Stefan Lindman is a young police officer who has just been diagnosed with cancer of the tongue. When he reads about the murder of his former colleague, he decides to travel north and find out what happened. Soon he is enmeshed in a puzzling investigation with no witnesses, no discernible motives. Terrified of the illness that could take his life, Lindman nonetheless becomes more and more reckless as he uncovers the links between Molin's death, World War II, and an underground neo-Nazi network that runs much further and deeper than he had ever imagined. The Return of the Dancing Master is a gripping mystery from the widely praised author of the Kurt Wallander series.

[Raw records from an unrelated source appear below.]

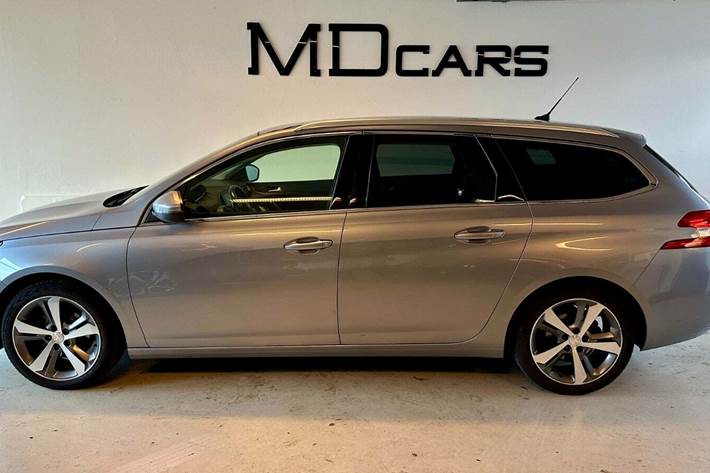 Grå Peugeot 308 fra 2018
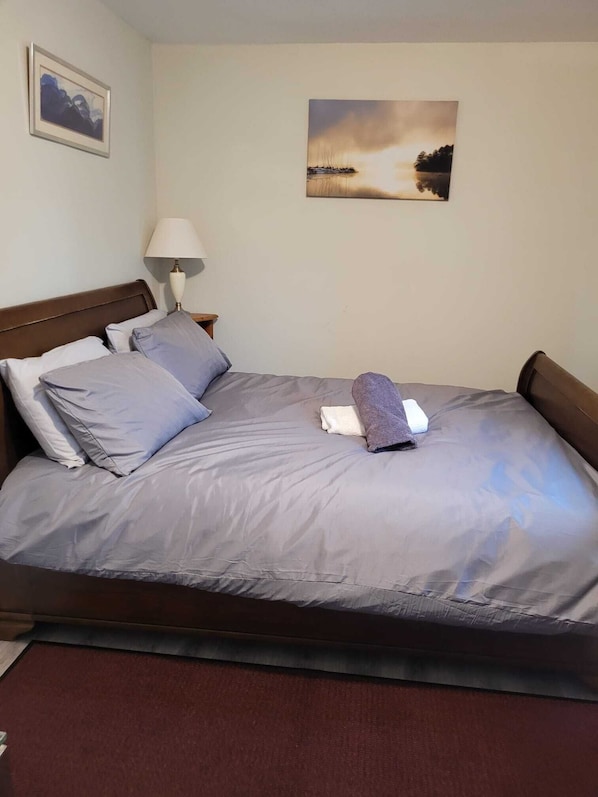 1 chambre, fer et planche à repasser, Wi-Fi, draps fournis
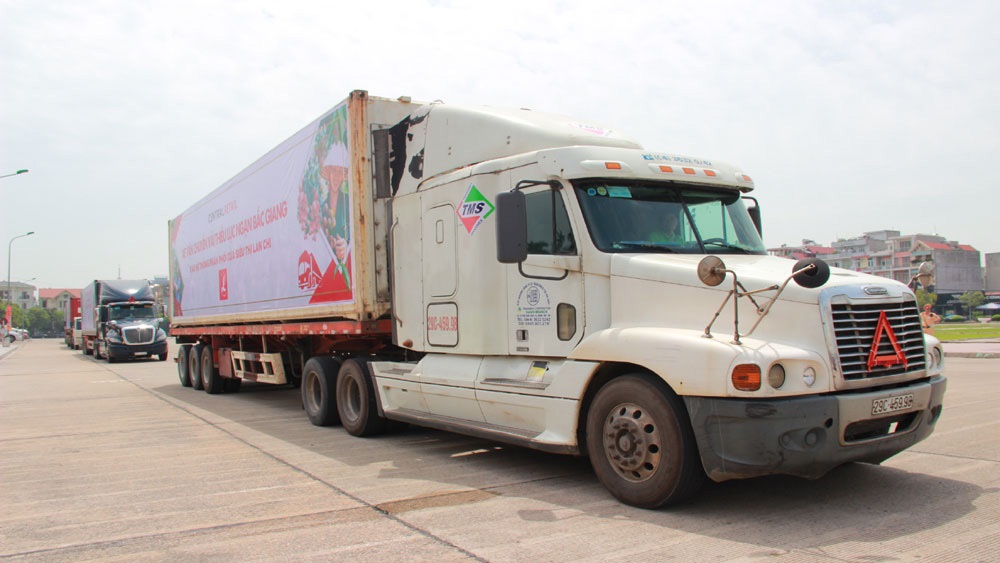 Xe bảo quản lạnh giúp bảo đảm chất lượng vải thiều ở Bắc Giang trong quá trình tiêu thụ.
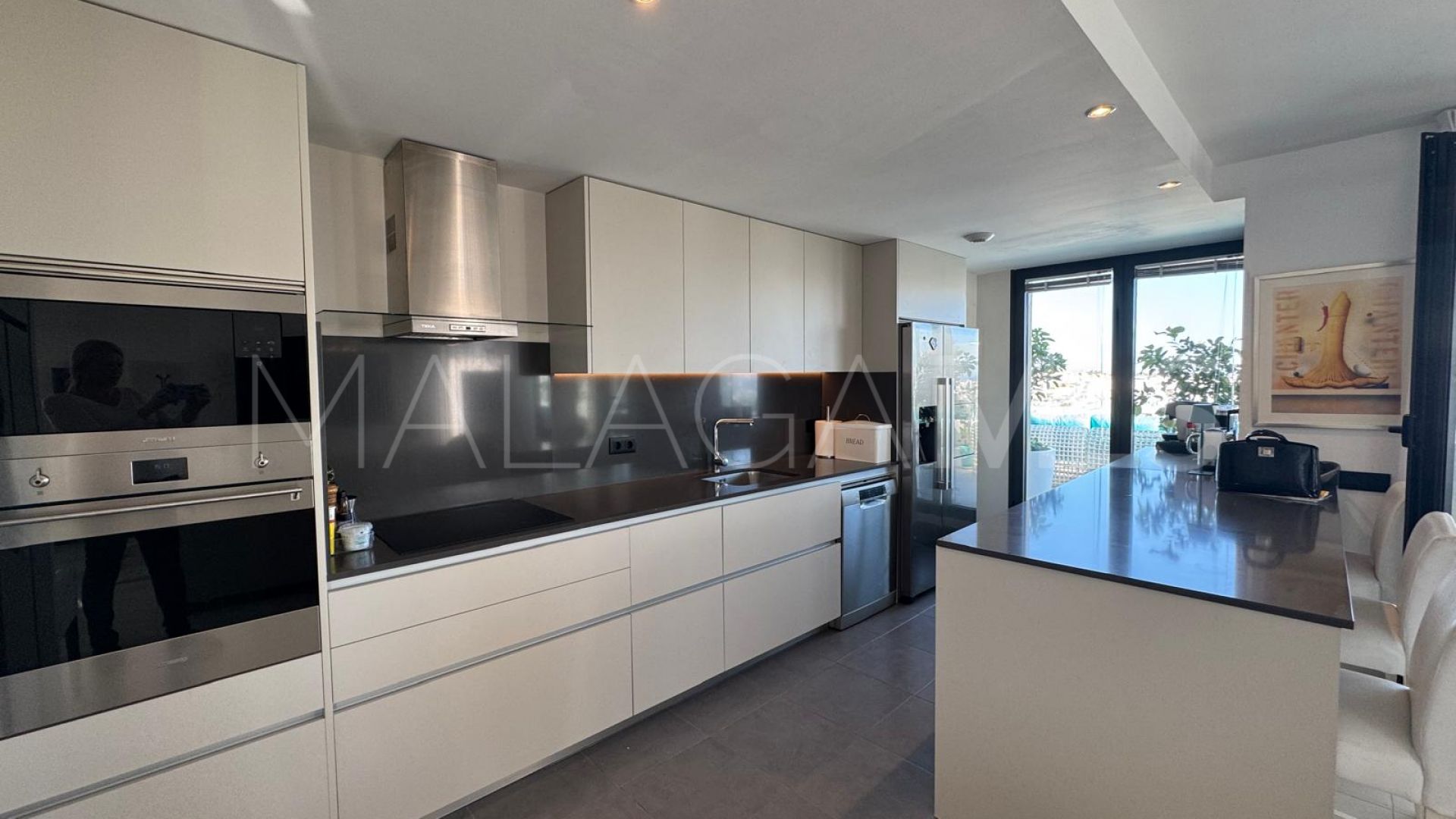 For sale Estepona Centre penthouse with 2 bedrooms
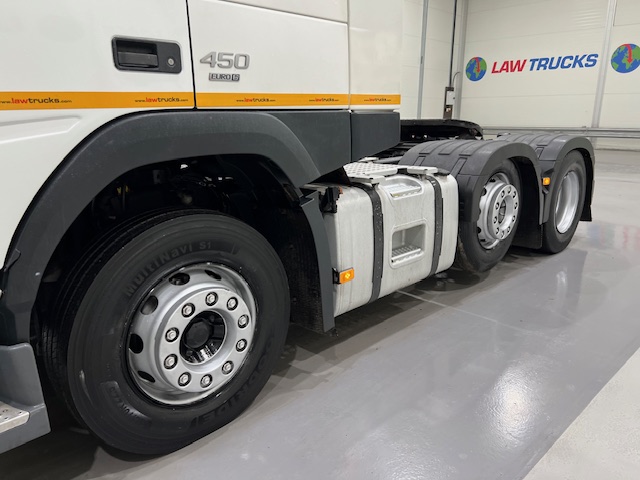 Volvo FM 450 6×2 Midlift Tractor Unit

Henning Mankell (1948–2015) was an internationally bestselling author who received numerous awards, including the Crime Writers’ Association’s Macallan Gold Dagger and the German Tolerance Prize. His Kurt Wallander mysteries are global bestsellers and have been adapted into the PBS Masterpiece Mystery! series Wallander, starring Kenneth Branagh. The New Press has published English translations of nine of his Kurt Wallander mysteries—Faceless Killers, The Dogs of Riga, The White Lioness, Sidetracked, The Fifth Woman, One Step Behind, Firewall, The Man Who Smiled, and The Pyramid—and Before the Frost: A Linda Wallander Mystery; the novels The Return of the Dancing Master, Chronicler of the Winds, Depths, Kennedy’s Brain, The Eye of the Leopard, Italian Shoes, Daniel, and The Shadow Girls; and the nonfiction I Die, But My Memory Lives On: The World AIDS Crisis and the Memory Book Project. Born in Stockholm, Mankell grew up in the Swedish village of Sveg. He divided his time between Sweden and Maputo, Mozambique, where he was a director at Teatro Avenida.